In response to Mr. Thomson’s letter about Kittery candidates not showing good judgement, we have known Chuck Denault for over 45 years, and always found him to be very honest and trustworthy. He is a Traip graduate who went on to serve the town as a police officer for many years and was promoted to Sergeant. Chuck also served for many years on the town council and was elected to Vice Chair. We have often watched the town council meetings and Chuck always seemed to be the voice of reason. Chuck is concerned with maintaining Kittery’s small town charm, assisting long term residents to stay in their homes and not be forced out by the seeming never – ending sprawl. In closing, we have known Chuck for many years, he is a hard working, good local guy with a proven track record of being honest, fair, and trustworthy. We feel it is also important to note that both Chuck Denault and Ken Lemont were found clear of any wrong doings and did nothing illegal while on the council prior. Chuck Denault and Ken Lemont did an excellent job while serving on the Kittery town council in the past and they both deserve to be re-elected.

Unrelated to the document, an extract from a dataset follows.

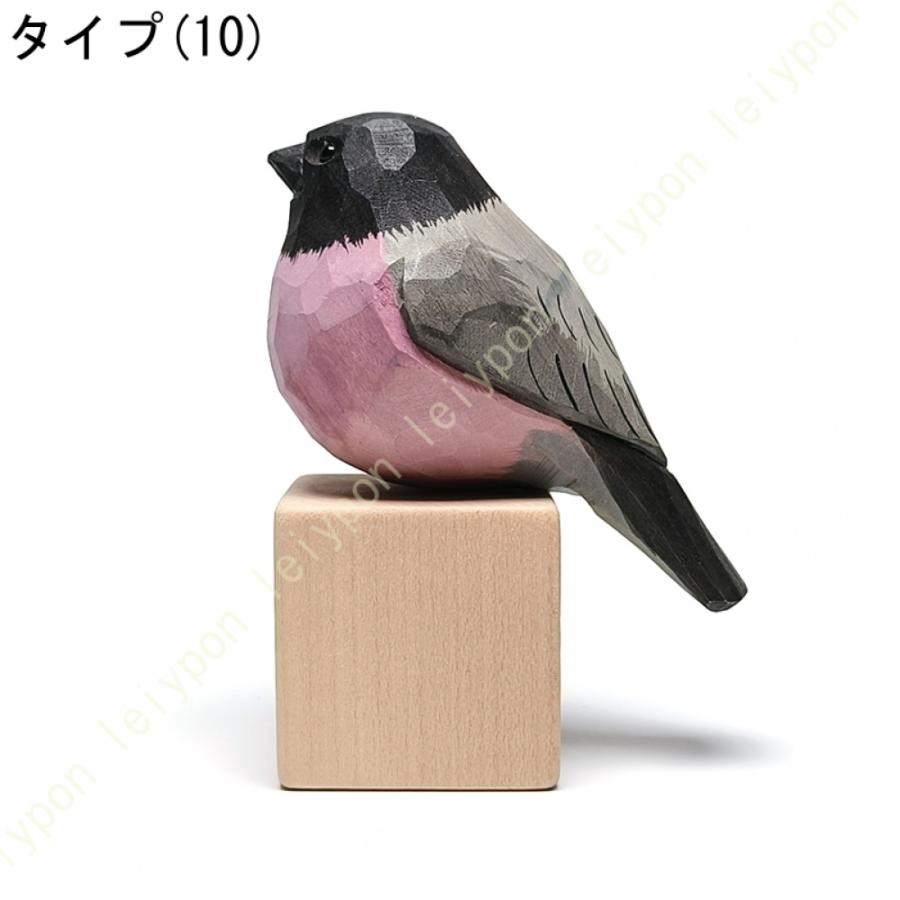 鳥の彫刻 開運 癒し 木製彫刻 木彫りの置物 インコ 鳥 雀 鳥の木製置物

Thank you, Maurice (Bud) Patch, Larry B. Estes, Linda K. Patch, Jacquelyn M. Emery, (4 Kittery & Kittery Point residents)
On Monday I read, with interest, the letter from Jeff Thomson regarding to former town council members both of whom are running for Town Council again. He claims they do not use sound judgement. He even goes so far as to insinuate that their actions of photographing two female employees were grounds for a lawsuit.
Let’s get the facts straight – Both Charles Denault and Ken Lamont were photographing the employees for one reason. The employees were leaving their jobs to run personal errands on the taxpayer’s dime. Their actions had the best interests of Kittery’s residents in mind. There was an investigation and both were cleared of any wrong doing.
He mentions they were instigated to do such because of other employees complaints. Of course there were complaints. I wouldn’t be happy if my coworkers did that either. If the town offices were being run properly in the first place it would not have been necessary. The town hall is rife with cronyism.
Charles Denault has spent years with the Kittery Police Dept retiring as Sergeant. He was voted to be the Town Council Vice Chair for three years running by his peers. They both have fought for senior property tax relief and to curb over development. That is enough proof of sound judgement for me.
Thank you to the Portsmouth Herald for the heading. Thank you to the 5 members of the DPW who showed courage to share their support for me and help set the record straight! They are the real heroes for trying to fix Kittery!
Kittery was unfair to Chuck Denault. We support him.
Oct. 18 − To the Editor:
We, the undersigned former Kittery, Maine, town employees, support Chuck Denault and his candidacy for election to the Kittery Town Council. Though much has been written by the Portsmouth Herald regarding his abrupt departure from the Kittery Town Council in 2021, very little was published pertaining to the employees that he assisted during that tenuous time.
We would like to take this opportunity to tell our side of the story. When our many and varied individual complaints to our direct supervisor, human resources and ultimately the town manager regarding theft, hostile work environments, retaliation, harassment, co-workers sneaking out of work when the boss was not there, time card fraud, nepotism and mismanagement along with an assortment of other complaints were not resolved or even believed, we had no one left to turn to except Councilor Denault. He advised us that he would personally take the information to the town manager per the town charter. This was well within the scope of his duties as a town councilor and our rights as employees.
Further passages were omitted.